> [What you are asked to do]: Take the line that has "PA license plate KUQ2227" in it and every line after it to the end of the entries, and reproduce them exactly.

> [Source material]:
+ + +

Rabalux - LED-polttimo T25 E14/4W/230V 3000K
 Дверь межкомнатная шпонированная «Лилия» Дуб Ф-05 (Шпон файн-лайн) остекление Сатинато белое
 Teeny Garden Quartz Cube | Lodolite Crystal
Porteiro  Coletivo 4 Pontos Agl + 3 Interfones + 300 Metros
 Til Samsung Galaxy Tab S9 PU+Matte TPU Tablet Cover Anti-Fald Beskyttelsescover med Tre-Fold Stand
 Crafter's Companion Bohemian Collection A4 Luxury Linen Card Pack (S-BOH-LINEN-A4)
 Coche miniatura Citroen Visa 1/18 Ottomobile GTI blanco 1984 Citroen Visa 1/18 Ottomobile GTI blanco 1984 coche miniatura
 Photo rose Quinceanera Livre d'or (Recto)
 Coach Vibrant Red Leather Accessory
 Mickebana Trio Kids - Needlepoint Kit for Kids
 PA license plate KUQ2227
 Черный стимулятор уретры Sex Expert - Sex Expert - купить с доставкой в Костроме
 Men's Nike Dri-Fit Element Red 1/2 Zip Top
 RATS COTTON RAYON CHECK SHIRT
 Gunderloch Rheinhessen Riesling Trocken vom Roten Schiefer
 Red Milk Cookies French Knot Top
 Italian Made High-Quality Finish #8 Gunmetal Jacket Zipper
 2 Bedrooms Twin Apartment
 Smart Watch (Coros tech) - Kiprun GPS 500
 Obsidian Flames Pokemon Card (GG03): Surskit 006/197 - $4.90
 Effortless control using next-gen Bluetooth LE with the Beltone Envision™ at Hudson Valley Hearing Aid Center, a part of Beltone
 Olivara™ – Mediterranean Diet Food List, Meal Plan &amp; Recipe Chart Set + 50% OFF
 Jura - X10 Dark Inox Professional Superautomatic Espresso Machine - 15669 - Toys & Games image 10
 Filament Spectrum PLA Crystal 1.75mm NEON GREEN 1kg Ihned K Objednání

+ + +

> [Expected output]:
 PA license plate KUQ2227
 Черный стимулятор уретры Sex Expert - Sex Expert - купить с доставкой в Костроме
 Men's Nike Dri-Fit Element Red 1/2 Zip Top
 RATS COTTON RAYON CHECK SHIRT
 Gunderloch Rheinhessen Riesling Trocken vom Roten Schiefer
 Red Milk Cookies French Knot Top
 Italian Made High-Quality Finish #8 Gunmetal Jacket Zipper
 2 Bedrooms Twin Apartment
 Smart Watch (Coros tech) - Kiprun GPS 500
 Obsidian Flames Pokemon Card (GG03): Surskit 006/197 - $4.90
 Effortless control using next-gen Bluetooth LE with the Beltone Envision™ at Hudson Valley Hearing Aid Center, a part of Beltone
 Olivara™ – Mediterranean Diet Food List, Meal Plan &amp; Recipe Chart Set + 50% OFF
 Jura - X10 Dark Inox Professional Superautomatic Espresso Machine - 15669 - Toys & Games image 10
 Filament Spectrum PLA Crystal 1.75mm NEON GREEN 1kg Ihned K Objednání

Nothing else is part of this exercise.